To such a contention s. 64 has no application. The Solicitor General's point
must therefore fail.
We are however of the opinion that the
contention of the appellant is without foundation. Section 34 provides that in
the cases mentioned in it, the income may be assessed or reassessed and the
provisions of the Act shall, so far as may be, apply accordingly as if the
notice issued under the section had been issued under s. 22(2) of the Act. Now
the place where an assessment is to be made pursuant to a notice under 488
s.22(2) has to be determined under s. 64. Indeed that is the only provision in
the Act for deciding the proper place for any assessment.

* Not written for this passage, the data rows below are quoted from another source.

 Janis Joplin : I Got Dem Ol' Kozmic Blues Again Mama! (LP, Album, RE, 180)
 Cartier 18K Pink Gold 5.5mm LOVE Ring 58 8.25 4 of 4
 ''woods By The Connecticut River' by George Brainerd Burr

There is nothing
which makes s. 64 inapplicable to an assessment made under s. 34. Therefore, it
seems to us clear, that the place where an assessment under s. 34 can be made
has to be decided under s. 64. Now the appellant was not carrying on any
business, profession or vocation. He was working as the Defence Minister of the
Government of India and residing in Delhi. He could be properly assessed by the
Income-tax Officer, Delhi, under s. 64(2) if the assessment was the original
assessment. This is not in dispute. It follows that no objection can
legitimately be taken by the appellant to his assessment under s. 34 by the
Income-tax Officer, Delhi.
We find nothing in the two cases cited by
Mr.Sastri, who appeared for the appellant, to support the contention that in
this case the assessment under s. 34 could not have been made in India at all.
In neither of these cases any question as to the place of assessment tinder s.

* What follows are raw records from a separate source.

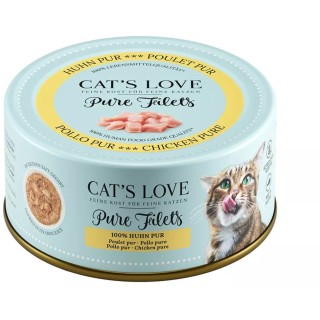 Cat's Love Pure Filets Nassfutter "Huhn" - 100 g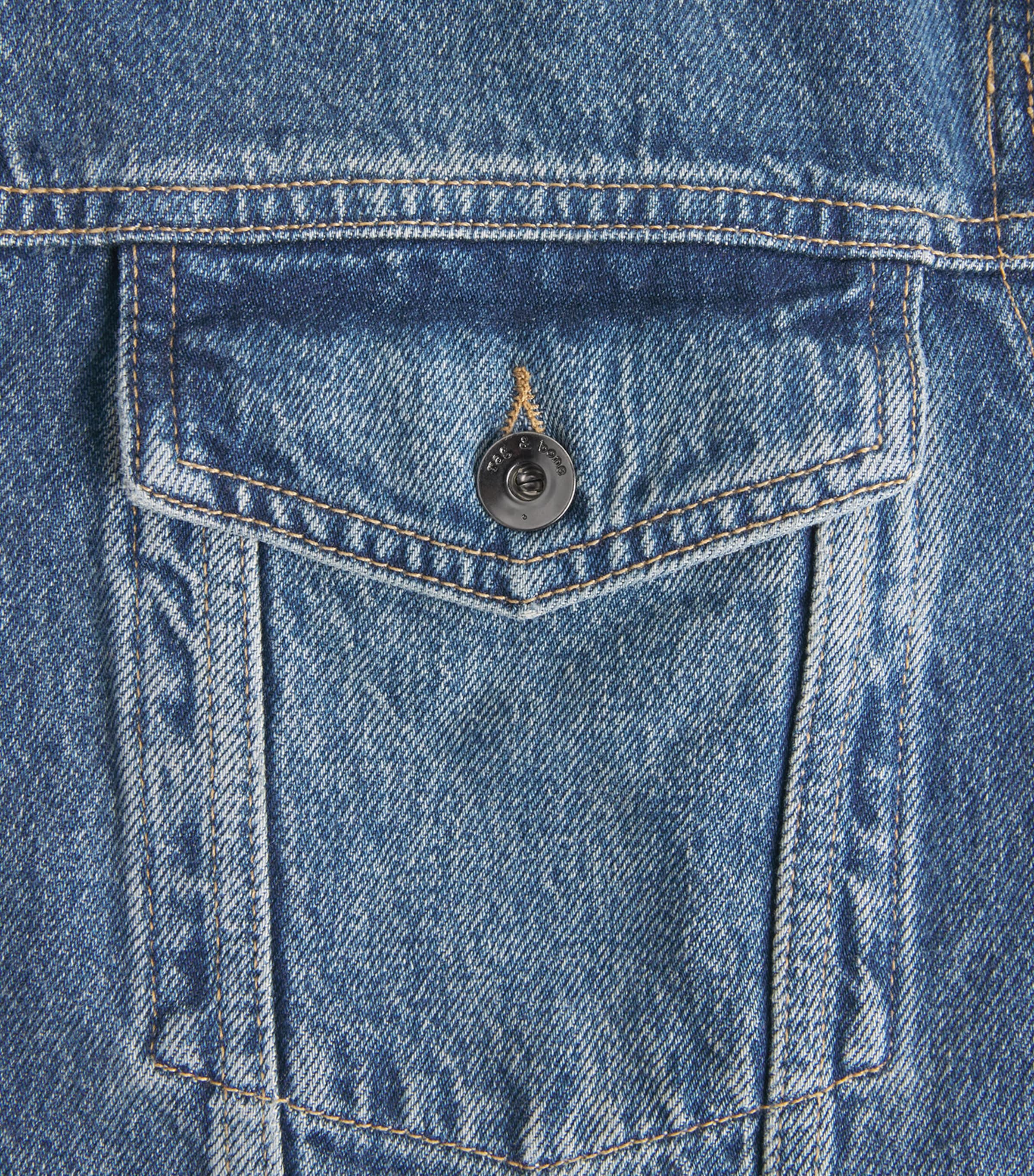 Rag & Bone Mens Denim Trucker Jacket Tudor Image 6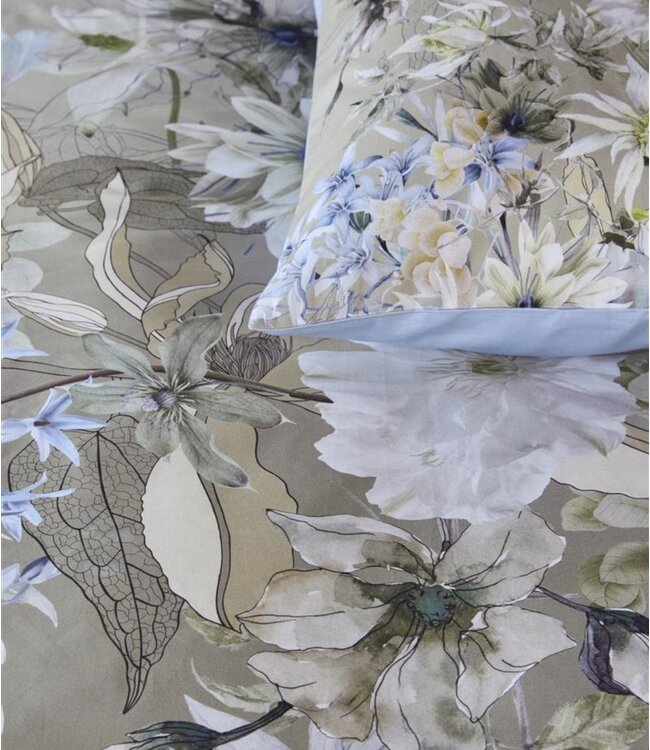 Kardol  Dekbedovertrek Saffron Blue Grey  240 x 200/220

34 or any other section arose. In the first, C. V. Govindarajulu v. Commissioner
of Income-tax,, Madras (1), it was held that the proceedings under s. 34 and
the original assessment proceedings were not separate and therefore in the
former, a penalty could be levied under s. 28 for failure to submit a return
pursuant to a general notice under s. 22(1) on which the latter were deemed to
have commenced. It does not follow that because the two assessments are not
separate for certain purposes, the latter must take place only where the first
had been made. In the second, Lakshminarain Bhadani V. Commissioner of
Income-tax, Bihar & Orissa (2), this Court held that a proceeding under s.
34 may be taken against a karta of a Hindu undivided family to reopen an
original assessment on the family, though in the meantime, there had been a
disruption of the family and an order in respect of it had been passed under s.
25A(1) of the Act.
It was said that the position was as if the
Income-tax Officer was proceeding to assess the (1) I.L.R. (1949) Mad. 624 (2)
(1951) 20 I.T.R. 594.
489 income of the Hindu undivided family as
in the year (if assessment. This of course does not mean that the assessment
under s. 34 must take place at the place where the original assessment was made
or not at all.
Then it is said that the Income-tax Officer
reassessed the appellant's income under s. 34 on the basis that part of it, namely,
the dividend that became liable to be included in the appellant's income under
s. 23A, had escaped assessment.
It is contended that on a proper reading of
s. 34 this would not be a case of income escaping assessment because that
section applies to income actually escaping assessment and not to income deemed
to have escaped assessment which is all that has happened in the present case.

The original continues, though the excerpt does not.